HFE-7000於微流道熱沉之流動沸騰熱傳增強研究

Abstract

本研究以實驗方法探討於微流道之流動沸騰，以HFE-7000作為工作流體，控制系統出口壓力為150 kPa，並改變不同的實驗參數，探討在水力直徑1050 μm之微流道熱沉與另一水力直徑1114 μm之漸擴微流道內的流動沸騰熱傳及壓降特性；其控制實驗參數分別為質量通率(100, 200 kg/m2s)、加熱通率(37.5, 75 kW/m2)、蒸汽乾度(0.1-0.8)及不同流道擺放方式( 90°垂直向上流動、45°傾斜向上流動、0°水平流動與-90°垂直向下流動)，再配合高速攝影機觀察本實驗系統在不同效應下所對應的結果。實驗結果顯示，本實驗系統其流動沸騰機制有兩種熱傳機制共同存在，在低蒸汽乾度約0.2時，以成核沸騰的機制為主導，改變加熱通率對於熱傳係數有所影響；而隨著乾度增加時，轉換為強制對流沸騰的機制為主導時，改變質量通率在此時熱傳係數有影響。在角度效應上，在質量通率100 kg/m2s時較為明顯，熱傳係數在向上流動的擺放方式略大於水平流動的擺放方式，因浮力增益了蒸汽的速度；而熱傳係數在向下流動的擺放方式時效果最差，蒸汽柱受到浮力的阻力，容易造成流量不均，而發生乾化現象；當質量通率增加後角度效應變小。此外，本研究提出一漸擴微流道以增強兩相流動沸騰之效果，作法為在中段開始壁面往下漸擴至出口，利用增大空間與表面張力來使汽液分流並穩定蒸汽柱在狹小流道內的流動，並使得後段液膜變厚，活化成核址，成核的氣泡在藉由蒸汽柱挾帶而離開通道，進而增益熱傳效率。結果顯示，漸擴微流道熱沉，除了可以增益兩相流動沸騰外，亦可降低壓降；其熱傳係數平均增加約23.9%，壓降平均降低約42.5%。
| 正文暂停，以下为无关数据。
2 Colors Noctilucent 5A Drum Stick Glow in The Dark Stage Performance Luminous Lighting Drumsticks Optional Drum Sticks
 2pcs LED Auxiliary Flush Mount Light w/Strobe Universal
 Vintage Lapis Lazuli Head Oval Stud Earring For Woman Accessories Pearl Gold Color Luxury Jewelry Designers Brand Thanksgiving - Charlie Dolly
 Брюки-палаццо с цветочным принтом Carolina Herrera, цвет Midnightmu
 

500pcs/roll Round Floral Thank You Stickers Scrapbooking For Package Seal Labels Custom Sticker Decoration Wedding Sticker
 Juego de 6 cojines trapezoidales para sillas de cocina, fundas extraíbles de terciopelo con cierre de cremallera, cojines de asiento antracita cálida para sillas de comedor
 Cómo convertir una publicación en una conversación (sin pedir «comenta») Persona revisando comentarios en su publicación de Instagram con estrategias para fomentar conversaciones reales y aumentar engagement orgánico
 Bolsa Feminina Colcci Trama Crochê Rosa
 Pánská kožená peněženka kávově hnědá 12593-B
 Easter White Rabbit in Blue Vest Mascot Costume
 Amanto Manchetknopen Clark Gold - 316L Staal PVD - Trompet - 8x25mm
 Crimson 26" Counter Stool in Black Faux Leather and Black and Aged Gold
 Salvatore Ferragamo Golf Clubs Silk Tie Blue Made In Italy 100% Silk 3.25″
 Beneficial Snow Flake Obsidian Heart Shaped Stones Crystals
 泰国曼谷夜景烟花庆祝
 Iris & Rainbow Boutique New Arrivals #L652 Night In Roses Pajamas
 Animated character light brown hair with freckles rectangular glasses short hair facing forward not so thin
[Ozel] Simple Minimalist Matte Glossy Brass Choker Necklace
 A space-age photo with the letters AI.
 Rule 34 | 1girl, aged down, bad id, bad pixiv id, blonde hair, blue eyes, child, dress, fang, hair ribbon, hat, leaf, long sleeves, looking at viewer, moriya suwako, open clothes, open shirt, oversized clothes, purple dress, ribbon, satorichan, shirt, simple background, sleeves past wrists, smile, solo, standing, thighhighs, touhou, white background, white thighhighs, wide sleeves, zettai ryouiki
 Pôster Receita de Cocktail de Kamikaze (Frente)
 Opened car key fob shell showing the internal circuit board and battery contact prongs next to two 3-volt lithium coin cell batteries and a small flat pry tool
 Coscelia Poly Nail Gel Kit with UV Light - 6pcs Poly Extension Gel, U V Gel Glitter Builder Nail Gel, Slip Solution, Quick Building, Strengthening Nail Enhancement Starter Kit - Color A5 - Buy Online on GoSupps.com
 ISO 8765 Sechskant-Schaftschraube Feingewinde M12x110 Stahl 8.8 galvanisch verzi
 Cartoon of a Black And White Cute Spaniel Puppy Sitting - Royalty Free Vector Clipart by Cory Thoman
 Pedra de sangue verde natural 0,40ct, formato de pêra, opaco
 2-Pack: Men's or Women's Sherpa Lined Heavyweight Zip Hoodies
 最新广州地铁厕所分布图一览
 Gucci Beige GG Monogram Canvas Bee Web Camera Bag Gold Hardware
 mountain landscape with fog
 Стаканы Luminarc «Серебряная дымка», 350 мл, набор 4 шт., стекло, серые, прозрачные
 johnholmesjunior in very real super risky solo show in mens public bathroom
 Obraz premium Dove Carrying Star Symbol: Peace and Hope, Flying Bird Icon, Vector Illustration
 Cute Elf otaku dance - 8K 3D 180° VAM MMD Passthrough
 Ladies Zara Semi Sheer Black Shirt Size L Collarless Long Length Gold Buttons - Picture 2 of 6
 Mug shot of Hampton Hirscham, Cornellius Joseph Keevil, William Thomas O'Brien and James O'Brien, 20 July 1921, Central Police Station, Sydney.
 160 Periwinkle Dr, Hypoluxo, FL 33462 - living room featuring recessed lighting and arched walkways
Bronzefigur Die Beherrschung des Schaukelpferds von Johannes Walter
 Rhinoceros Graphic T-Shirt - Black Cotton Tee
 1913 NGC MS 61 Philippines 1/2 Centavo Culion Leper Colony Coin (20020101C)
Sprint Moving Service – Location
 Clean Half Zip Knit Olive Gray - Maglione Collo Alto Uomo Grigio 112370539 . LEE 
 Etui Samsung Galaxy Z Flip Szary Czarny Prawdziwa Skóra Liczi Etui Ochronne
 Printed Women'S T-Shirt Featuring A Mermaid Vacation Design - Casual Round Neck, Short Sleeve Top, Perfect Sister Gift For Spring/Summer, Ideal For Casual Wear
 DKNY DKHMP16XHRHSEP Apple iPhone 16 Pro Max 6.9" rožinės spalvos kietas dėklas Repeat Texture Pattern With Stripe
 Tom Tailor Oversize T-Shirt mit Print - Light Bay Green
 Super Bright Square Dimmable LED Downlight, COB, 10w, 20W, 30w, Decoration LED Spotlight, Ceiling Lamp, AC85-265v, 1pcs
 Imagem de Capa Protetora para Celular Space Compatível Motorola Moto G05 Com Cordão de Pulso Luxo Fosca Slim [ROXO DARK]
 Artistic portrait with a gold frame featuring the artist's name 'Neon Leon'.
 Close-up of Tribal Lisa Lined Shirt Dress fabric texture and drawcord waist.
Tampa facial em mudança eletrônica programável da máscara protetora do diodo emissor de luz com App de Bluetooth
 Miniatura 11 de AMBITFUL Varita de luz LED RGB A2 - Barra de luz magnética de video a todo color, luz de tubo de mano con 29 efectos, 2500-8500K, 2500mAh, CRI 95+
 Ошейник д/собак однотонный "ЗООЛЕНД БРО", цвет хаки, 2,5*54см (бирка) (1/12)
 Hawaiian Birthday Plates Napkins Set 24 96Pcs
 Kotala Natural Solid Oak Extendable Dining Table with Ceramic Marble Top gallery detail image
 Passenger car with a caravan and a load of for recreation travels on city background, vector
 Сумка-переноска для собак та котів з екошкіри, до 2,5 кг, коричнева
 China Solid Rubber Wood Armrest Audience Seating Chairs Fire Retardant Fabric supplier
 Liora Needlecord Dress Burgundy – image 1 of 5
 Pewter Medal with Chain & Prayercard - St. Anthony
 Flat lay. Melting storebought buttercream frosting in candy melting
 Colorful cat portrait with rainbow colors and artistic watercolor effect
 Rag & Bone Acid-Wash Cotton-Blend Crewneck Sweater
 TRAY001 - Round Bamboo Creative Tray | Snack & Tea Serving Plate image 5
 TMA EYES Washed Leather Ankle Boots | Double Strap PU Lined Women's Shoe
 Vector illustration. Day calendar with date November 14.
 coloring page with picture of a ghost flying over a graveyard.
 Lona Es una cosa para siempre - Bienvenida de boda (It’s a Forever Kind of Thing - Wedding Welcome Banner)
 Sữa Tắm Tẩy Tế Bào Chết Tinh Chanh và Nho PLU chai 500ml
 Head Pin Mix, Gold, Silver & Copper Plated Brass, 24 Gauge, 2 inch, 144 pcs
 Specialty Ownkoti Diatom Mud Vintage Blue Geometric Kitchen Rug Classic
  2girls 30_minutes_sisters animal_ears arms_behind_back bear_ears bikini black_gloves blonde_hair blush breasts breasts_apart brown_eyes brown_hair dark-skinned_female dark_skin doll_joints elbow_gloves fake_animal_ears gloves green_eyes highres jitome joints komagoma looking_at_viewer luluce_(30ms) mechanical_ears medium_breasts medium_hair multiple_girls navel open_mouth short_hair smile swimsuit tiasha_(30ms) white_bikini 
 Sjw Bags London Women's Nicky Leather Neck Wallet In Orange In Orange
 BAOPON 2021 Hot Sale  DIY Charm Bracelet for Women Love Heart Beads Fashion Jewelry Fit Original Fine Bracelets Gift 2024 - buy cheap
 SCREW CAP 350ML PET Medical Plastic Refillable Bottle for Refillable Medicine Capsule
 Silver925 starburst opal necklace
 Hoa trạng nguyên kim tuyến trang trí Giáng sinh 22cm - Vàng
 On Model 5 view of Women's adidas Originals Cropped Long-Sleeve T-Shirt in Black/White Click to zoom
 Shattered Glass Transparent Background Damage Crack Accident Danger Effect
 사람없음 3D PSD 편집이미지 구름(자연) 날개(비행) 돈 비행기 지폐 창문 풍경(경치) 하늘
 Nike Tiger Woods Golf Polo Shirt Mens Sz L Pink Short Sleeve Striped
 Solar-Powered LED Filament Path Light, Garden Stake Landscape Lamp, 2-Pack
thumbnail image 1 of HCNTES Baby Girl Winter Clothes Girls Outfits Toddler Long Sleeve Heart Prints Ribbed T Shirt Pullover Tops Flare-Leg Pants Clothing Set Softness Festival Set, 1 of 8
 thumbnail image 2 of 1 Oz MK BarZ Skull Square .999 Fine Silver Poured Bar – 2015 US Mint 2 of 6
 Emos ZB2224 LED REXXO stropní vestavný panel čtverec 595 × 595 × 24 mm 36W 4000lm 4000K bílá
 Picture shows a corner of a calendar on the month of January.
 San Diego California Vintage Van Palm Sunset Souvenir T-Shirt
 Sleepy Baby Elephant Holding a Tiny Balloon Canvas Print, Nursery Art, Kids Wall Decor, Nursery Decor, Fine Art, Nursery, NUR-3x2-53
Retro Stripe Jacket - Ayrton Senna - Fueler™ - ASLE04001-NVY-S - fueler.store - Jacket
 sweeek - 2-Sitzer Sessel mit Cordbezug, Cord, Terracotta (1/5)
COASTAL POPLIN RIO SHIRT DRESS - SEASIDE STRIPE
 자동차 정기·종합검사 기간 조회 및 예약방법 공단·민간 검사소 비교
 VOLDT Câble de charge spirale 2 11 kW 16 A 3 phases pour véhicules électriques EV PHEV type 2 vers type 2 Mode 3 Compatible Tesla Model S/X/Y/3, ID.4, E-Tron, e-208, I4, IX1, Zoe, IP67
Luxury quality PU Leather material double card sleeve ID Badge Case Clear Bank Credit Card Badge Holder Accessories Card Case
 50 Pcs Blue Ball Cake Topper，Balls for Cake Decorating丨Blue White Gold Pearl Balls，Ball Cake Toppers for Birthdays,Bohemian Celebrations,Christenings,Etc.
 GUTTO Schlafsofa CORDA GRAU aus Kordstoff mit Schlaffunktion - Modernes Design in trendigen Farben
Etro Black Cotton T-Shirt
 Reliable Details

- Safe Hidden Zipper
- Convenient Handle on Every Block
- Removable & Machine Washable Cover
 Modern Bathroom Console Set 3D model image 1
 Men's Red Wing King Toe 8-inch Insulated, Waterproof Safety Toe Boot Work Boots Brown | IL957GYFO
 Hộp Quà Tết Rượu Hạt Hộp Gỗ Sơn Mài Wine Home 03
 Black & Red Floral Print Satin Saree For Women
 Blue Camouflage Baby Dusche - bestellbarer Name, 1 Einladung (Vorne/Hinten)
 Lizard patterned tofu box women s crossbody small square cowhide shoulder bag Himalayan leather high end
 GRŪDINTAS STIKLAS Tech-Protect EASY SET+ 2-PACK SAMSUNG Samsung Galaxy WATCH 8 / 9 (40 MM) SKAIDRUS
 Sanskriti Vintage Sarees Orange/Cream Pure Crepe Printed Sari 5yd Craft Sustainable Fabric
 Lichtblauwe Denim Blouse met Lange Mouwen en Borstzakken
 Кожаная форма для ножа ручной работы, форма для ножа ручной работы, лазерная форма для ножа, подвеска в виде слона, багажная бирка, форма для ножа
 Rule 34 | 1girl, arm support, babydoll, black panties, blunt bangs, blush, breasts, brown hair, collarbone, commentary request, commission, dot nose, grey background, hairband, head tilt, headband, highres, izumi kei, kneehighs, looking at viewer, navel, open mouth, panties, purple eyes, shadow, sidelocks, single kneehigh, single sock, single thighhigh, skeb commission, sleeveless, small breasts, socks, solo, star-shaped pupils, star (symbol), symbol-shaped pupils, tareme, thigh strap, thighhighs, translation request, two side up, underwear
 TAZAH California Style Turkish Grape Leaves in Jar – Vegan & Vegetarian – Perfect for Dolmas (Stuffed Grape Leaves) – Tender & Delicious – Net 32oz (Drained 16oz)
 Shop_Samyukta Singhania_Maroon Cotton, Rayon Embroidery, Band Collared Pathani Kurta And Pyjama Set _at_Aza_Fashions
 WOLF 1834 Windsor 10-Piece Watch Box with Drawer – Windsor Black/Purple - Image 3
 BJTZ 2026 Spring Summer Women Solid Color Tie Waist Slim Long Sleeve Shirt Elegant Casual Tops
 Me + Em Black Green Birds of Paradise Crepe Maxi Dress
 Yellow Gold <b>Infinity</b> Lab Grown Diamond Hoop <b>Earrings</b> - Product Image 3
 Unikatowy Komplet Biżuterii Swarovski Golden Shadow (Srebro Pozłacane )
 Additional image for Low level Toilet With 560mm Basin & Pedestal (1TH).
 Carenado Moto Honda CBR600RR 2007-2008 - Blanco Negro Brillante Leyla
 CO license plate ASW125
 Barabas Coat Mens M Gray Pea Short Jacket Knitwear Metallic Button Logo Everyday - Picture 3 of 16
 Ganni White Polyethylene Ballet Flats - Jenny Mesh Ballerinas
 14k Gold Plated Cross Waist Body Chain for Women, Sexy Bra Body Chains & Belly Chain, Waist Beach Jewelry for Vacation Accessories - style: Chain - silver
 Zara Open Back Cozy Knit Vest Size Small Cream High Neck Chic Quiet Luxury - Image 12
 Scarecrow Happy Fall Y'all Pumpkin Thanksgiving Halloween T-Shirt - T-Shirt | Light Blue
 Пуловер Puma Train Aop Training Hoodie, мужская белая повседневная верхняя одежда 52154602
This study experimentally investigated the flow boiling of dielectric fluid HFE-7000 within a micro-channel heat sink with a hydraulic diameter of 1050 μm and a fixed outlet pressure of 150 kPa. The mass flux ranges from 100 to 200 kg/m2s with vapor quality from 0.1 to 0.9, heat flux from 37.5 to 75 kW/m2 and the effect of inclination is also investigated. The inclination angles include 90∘(vertical upward), 45∘(inclined upward), 0∘(horizontal forward), and -90∘(vertical downward). In addition, the present study proposed a novel micro-channel with diverging cross-section from the middle of the channel. The flow boiling experiments were conducted in rectangular micro-channel in comparison with the proposed new micro-channel under similar operating conditions. The results show that the heat transfer mechanism in micro-channel heat sink is governed by the nucleate boiling and the convective boiling. The effect of inclination shows that the heat transfer coefficient for the upward arrangement is slightly better than that of horizontal arrangement. On the contrary, the downward arrangement always impairs the heat transfer coefficient. With the rise of mass flux, the effect of inclination is also reduced. On the other hand, the micro-channel heat sink with diverging cross-section from the middle of the channel shows a better heat transfer performance than the rectangular micro-channel heat sink with the similar operating condition. Through increasing the height of the channel downstream, the diverging cross section will provide a larger space to occupy the vapor and the liquid film at the downstream is prone to evaporate more; thereby the vapor will tend to flow smoothly and expand at the downstream for heat transfer augmentation. The increasing of flow area in the flow direction not only helps to improve the stability of two-phase flow but also reduce the pressure drop considerably. The results show that the micro-channel heat sink with diverging cross-section from the middle of the channel can enhance the heat transfer coefficient as much as 23.9% while reduce the pressure by 42.5% as compared to the rectangular micro-channel heat sink.